What to work on: When you transcribe the listing that follows, keep every line exact and omit the pictures.

Dataset section:
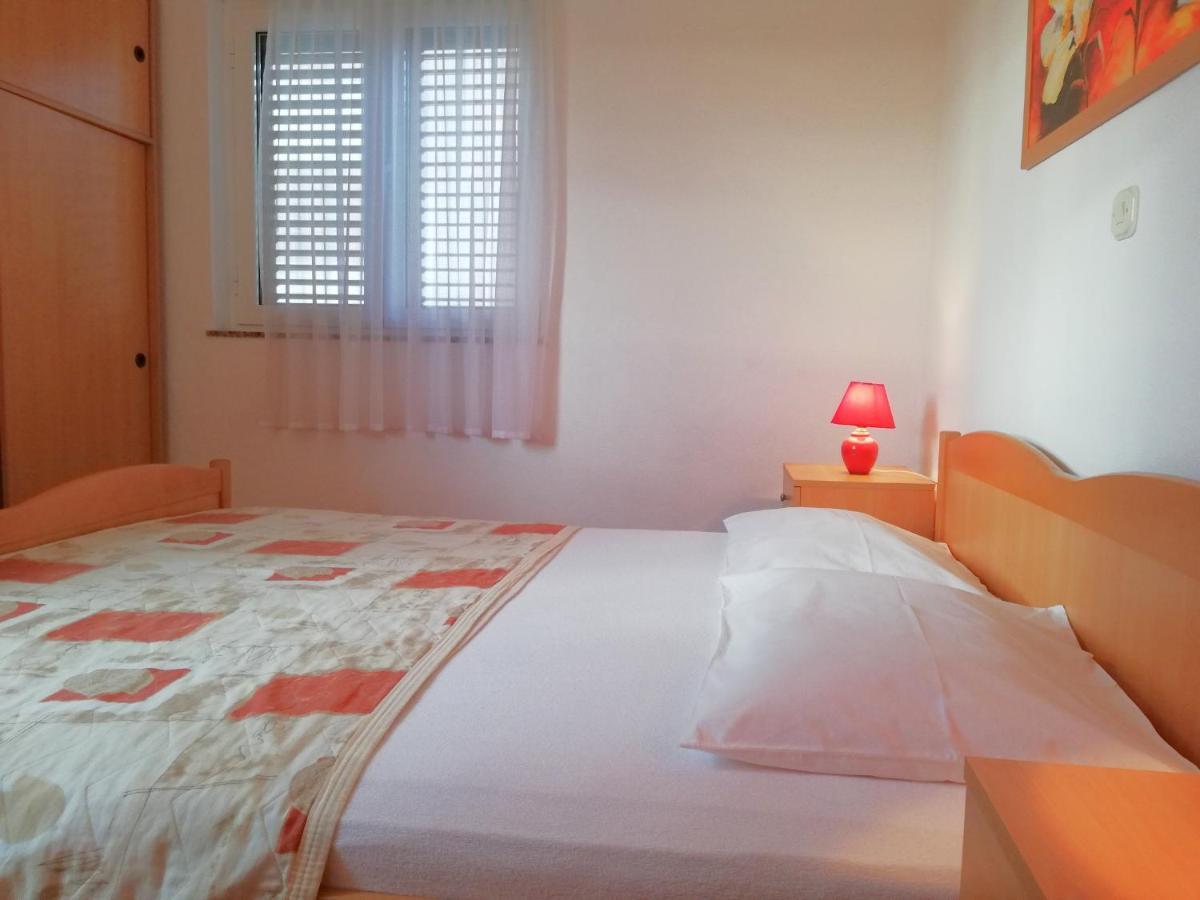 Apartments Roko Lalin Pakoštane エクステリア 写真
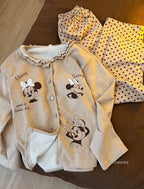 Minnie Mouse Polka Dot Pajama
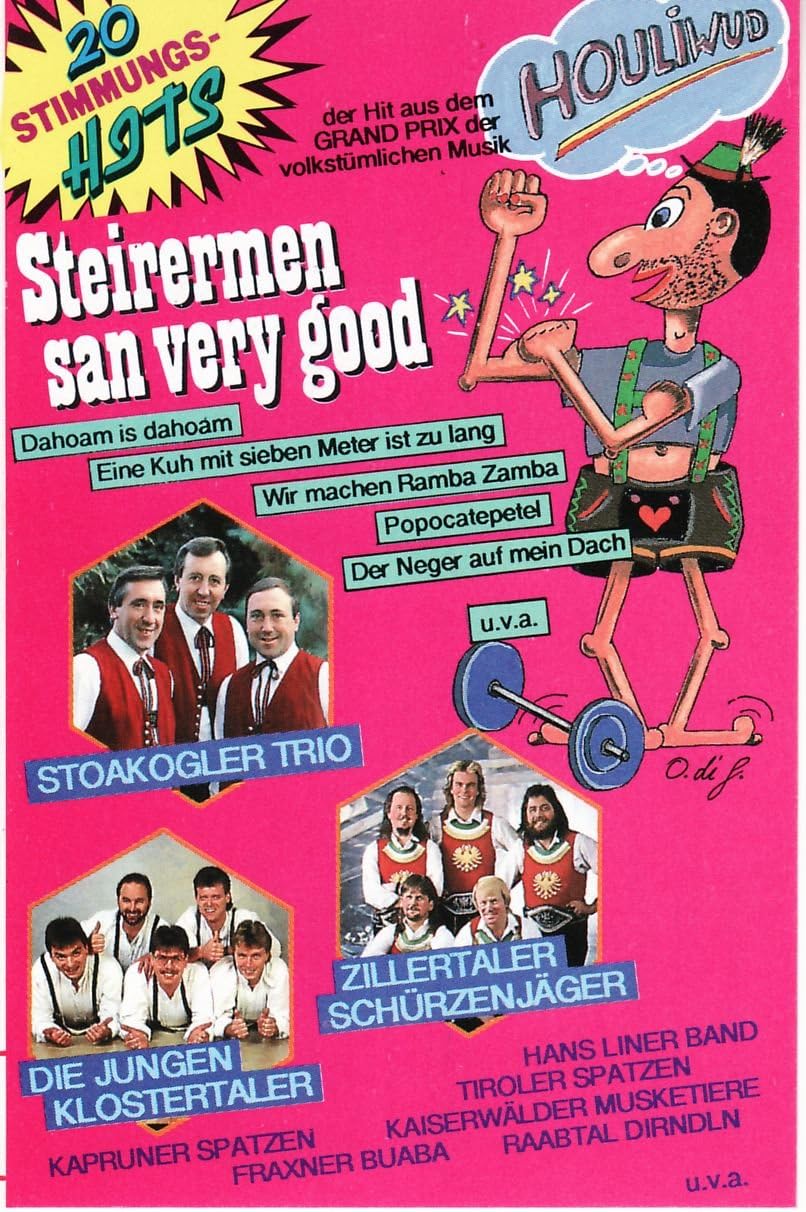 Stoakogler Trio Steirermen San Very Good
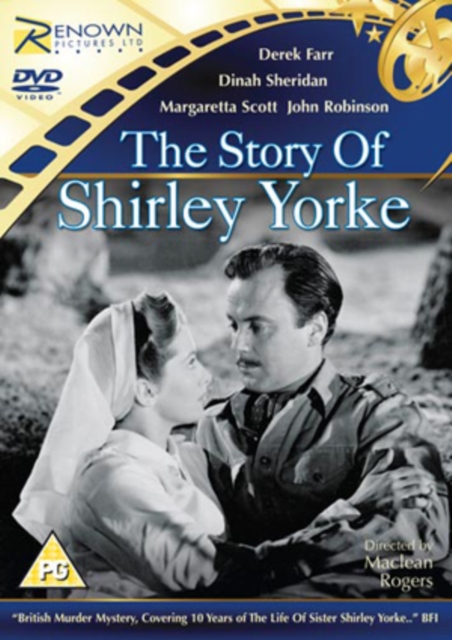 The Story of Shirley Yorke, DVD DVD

Written answer:
 Apartments Roko Lalin Pakoštane エクステリア 写真
 Minnie Mouse Polka Dot Pajama
 Stoakogler Trio Steirermen San Very Good
 The Story of Shirley Yorke, DVD DVD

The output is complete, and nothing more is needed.